Sinceramente, e non lo dico per giustificarmi, non ho mai concentrato i miei ascolti sulle nuove uscite del genere rap. Forse perché i miei ascolti effettivamente si fermano a quella che è stata la golden age, sia per il genere, che per me, ovvero negli anni dell’adolescenza. Il punto è che questo è un artista che veramente si discosta tantissimo da quello che oggi passa in Italia sotto la classificazione di rap italiano. Difatti questo artista non è solamente italiano. Sì perché Pufuleti, che ha preso il nome da uno snack rumeno, è di origine italiana ma vive a Saarbrücken in Germania, e le sue prime produzioni – uscite anche con lo pseudonimo di Joe Space – appartengono al rap tedesco, cantato in tedesco ma soprattutto caratterizzato da basi e ritmiche distanti dal rap italiano degli ultimi anni ma comuni in Germania. Io non so esattamente in che modo dal contesto teutonico Pufuleti sia riuscito a farsi strada nei cuori degli ascoltatori del rap italiano, ma sicuramente nell’atmosfera che si respirava al Meca (fumo a parte) c’era un supporto autentico.
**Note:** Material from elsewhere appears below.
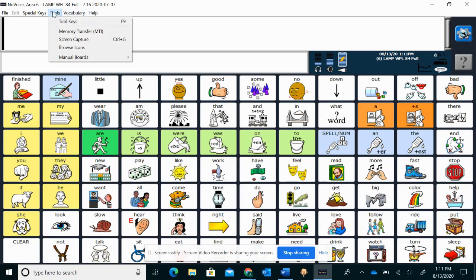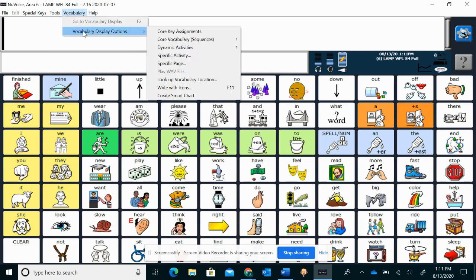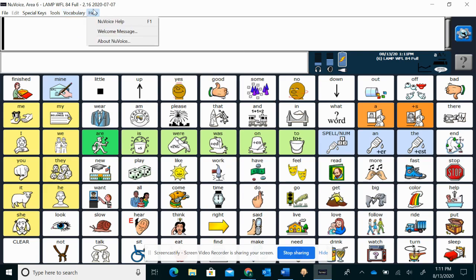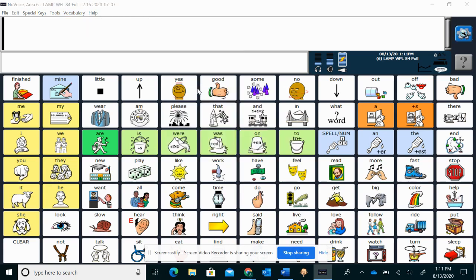So we're going to go under Tools. Or is it Vocabulary? Yep. So it's vocabulary. Vocabulary Display Options. Write with icons.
L’ultimo suo album, intitolato “Perle ai porci” è uscito da pochi giorni, ma devo dire che si differenzia abbastanza dalle produzioni precedenti anche per le basi: low-fi, crepuscolari e decisamente nineties. Assieme a Pufuleti, a mandare le basi era presente anche Wun Two, producer/beatmaker tedesco che ha collaborato all’album assieme a Zutera e che ha sicuramente indirizzato il mood dell’intero lavoro, senza però intaccare lo stile originale delle liriche: nonsense, ermetiche, biliose, nevrotiche. Anche lo stesso tono di voce di Pufuleti, così volutamente caricaturale ed esasperato è la sua vera cifra stilistica: a tratti ironico, comico e perfino aggressivo. Se ascoltiamo la gran parte della produzione di Pufuleti fino ad oggi, ci possiamo trovare l’arroganza stilistica tipica delle puch line, all’interno di frasi senza quasi nessun significato, a meno che non ce lo vogliamo trovare e non sempre ha senso farlo. Sì perché a volte queste rime vengono dall’accostamento di una musicalità nel suono delle parole che a mio parere può trovare meglio una persona che la lingua italiana non la abita quotidianamente e non vi attribuisce una senso in modo forzato se non vale la pena farlo. Una cosa simile si è sempre fatta, ma quasi mai nel genere rap. Ci possiamo ricordare del cut-up nel grunge, del nonsense del rock and roll, dei testi ermetici del post punk, ma in un genere dove tutto sembra ruotare intorno al testo del brano, ritrovarsi in un groviglio di rime criptiche e misteriose suona inedito. Ma forse è proprio questo il motivo che mi porta ad ascoltare Pufu.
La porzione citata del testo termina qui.